Items listed in a dataset
******
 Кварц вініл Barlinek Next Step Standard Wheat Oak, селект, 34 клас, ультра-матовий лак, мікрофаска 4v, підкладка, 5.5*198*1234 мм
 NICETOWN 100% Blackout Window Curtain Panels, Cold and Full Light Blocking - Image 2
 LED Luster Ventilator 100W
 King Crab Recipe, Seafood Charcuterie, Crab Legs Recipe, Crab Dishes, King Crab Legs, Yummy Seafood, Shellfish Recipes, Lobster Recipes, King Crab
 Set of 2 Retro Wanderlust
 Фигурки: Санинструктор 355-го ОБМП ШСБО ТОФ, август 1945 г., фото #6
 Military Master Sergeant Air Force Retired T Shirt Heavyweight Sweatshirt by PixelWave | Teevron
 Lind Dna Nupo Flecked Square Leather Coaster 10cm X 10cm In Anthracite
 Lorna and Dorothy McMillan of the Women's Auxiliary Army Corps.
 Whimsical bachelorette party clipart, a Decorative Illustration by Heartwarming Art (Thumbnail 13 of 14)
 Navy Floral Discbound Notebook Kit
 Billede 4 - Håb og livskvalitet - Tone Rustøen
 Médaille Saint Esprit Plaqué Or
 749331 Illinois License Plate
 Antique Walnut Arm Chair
******
### Exercise requirements
Only the lines from the one that holds "Billede 4 - Håb" through the end of the records should appear in the answer, each restated exactly.

### Response below
 Billede 4 - Håb og livskvalitet - Tone Rustøen
 Médaille Saint Esprit Plaqué Or
 749331 Illinois License Plate
 Antique Walnut Arm Chair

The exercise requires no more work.